BACK TO BASICS: Building an XML Sitemap
When we're speaking with new clients about search engine optimization best practices, one of the issues we discuss with them is the importance of building a Sitemap XML feed. What this feed does is list all of the pages on your Web site that you want the search engines to know about. While theoretically the search engines should be able to find all of your pages by following links, it still helps to have it there for completeness and to take advantage of the benefits that the webmaster tools offer.
For SEO purposes, it is essential that you (a) build an XML Sitemap and (b) keep it up-to-date in order to help improve spiderability and ensure that all the important pages on your site are crawled and indexed. Sitemaps give the search engines a complete list of the pages you want indexed, along with supplemental information about those pages, including how frequently the page is updated. This does not guarantee that all pages will be crawled or indexed, but it can help get your site spidered.
It's worth pointing out that an XML Sitemap is different from the standard site map that you include on your site. XML Sitemaps are feeds designed for search engines; they're not for people. They are merely lists of URLs with some optional Meta data about them that is meant to be spidered by a search engine. A site map, on the other hand, is a Web page on your site that is designed to be viewed by visitors and contains links to help them help navigate your site.
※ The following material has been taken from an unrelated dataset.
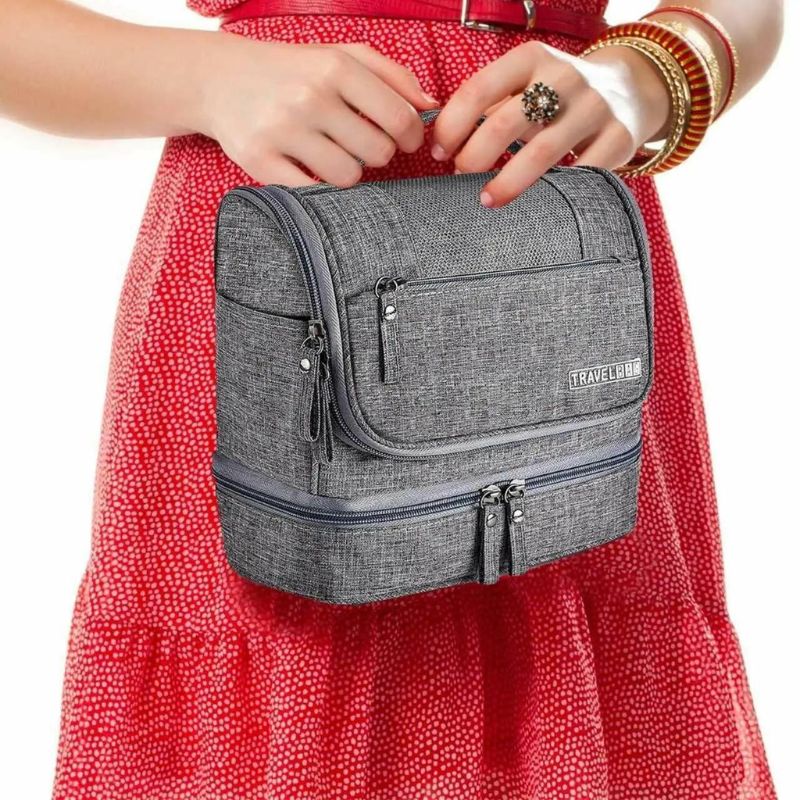 Vorspack Trousse de toilette de voyage – Trousse de toilette à suspendre pour homme en toile résistante à l'eau Sac de rasage pour voyage, gris clair, Medium Vorspack Trousse de toilette de voyage – Trousse de toilette à suspendre pour homme en toile résistante à l'eau Sac de rasage pour voyage, gris clair, Medium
Sitemaps were designed to help sites that historically could not be crawled by the search engines (sites with dynamic content, Flash or Ajax) get their content spidered and listed in the index. That's not to say that using a XML Sitemap is a way around building a spiderable Web site however, since all it does it hand a list of available URLs to the search engines. When creating a new site, you want to make sure that you are creating it from a sound search engine optimizations standpoint. Creating an XML Sitemap will not pass on any link popularity, nor will it help with subject theming.
A Sitemap is created using XML (Extensible Markup Language), which is a type of markup language commonly used on the Web where tags can be created to share information. The required XML tags are: <urlset>, <url>, and <loc>. <urlset> and <url> are for formatting the XML, and <loc> is the URL.
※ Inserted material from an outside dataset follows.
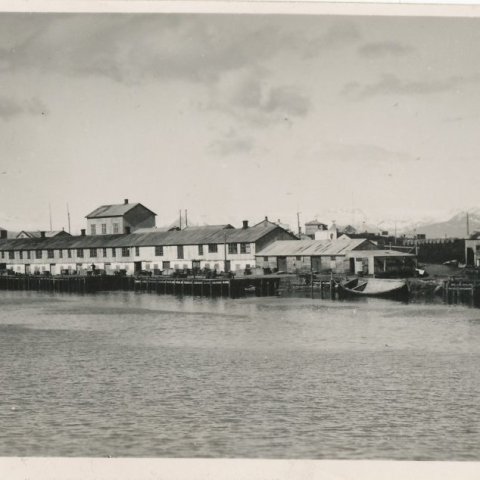 Verbúðin Mikligarður. Höfn í Hornafirði. Borgarskjalasafn Reykjavíkur.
Optional Meta data tags are:
- <lastmod> - last modified date.
- <changefreq> - how often the page changes (such as hourly, daily, monthly, never).
- <priority> - how important the page is from 0 (the lowest) to 1 (the highest).
Site owners aren't required to use these tags, but the engines may consult them when deciding how often they should re-crawl pages. Google states in their Webmaster Guidelines that while they take these tags into consideration, they do not base their spidering decisions on <changefreq> and that <priority> does not have any influence on your rankings. Use these tags accurately to help the search engines spider your site more intelligently. Pages that you are optimizing should be set to a higher priority. If you have archived pages that haven't been updated in years, then they can be set to a low priority with a <changefreq> of never.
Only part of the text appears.